The full listing is to be returned exactly as given, but without pictures.

» **The data**:
______
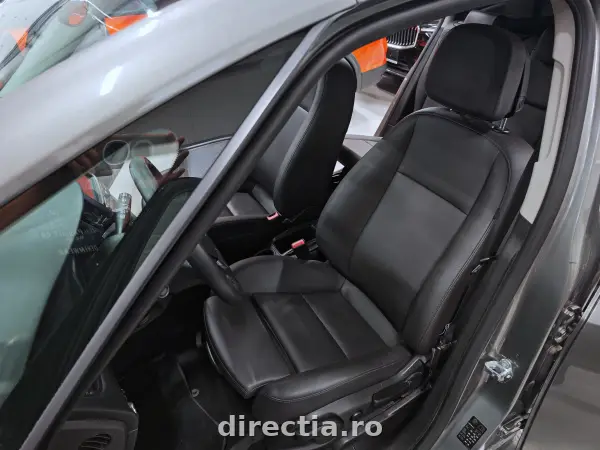 Poza anunț 8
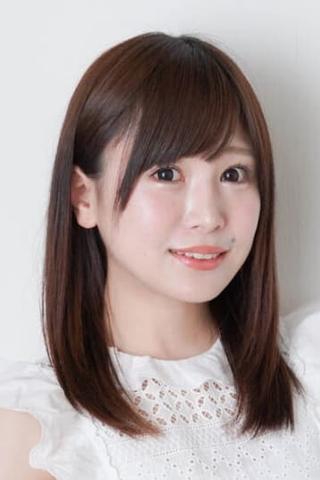 Misako Kuroki pic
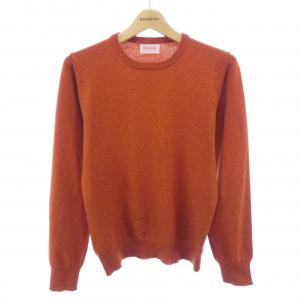 DONNACHIE Drumohr ニット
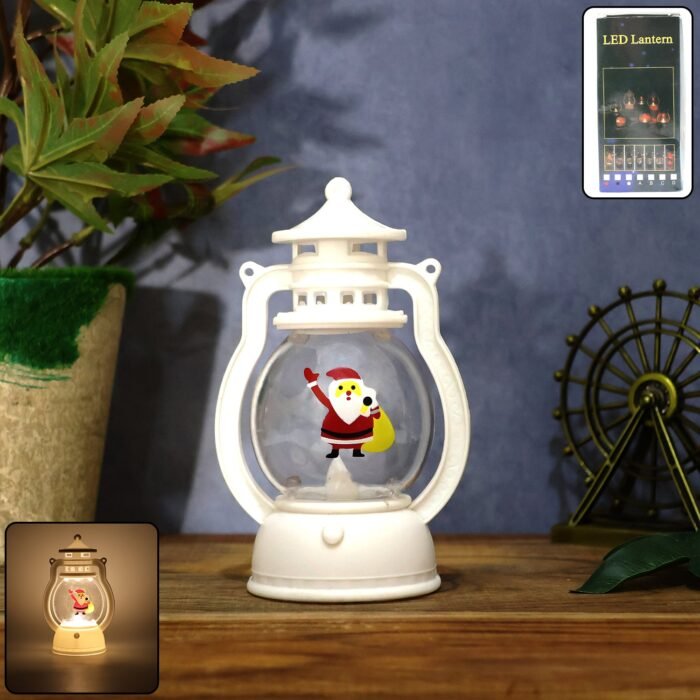 LEDLantern-WOSKU-01.jpg LEDLantern-WOSKU-01.jpg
______
» **Written solution**:
 Poza anunț 8
 Misako Kuroki pic
 DONNACHIE Drumohr ニット
 LEDLantern-WOSKU-01.jpg LEDLantern-WOSKU-01.jpg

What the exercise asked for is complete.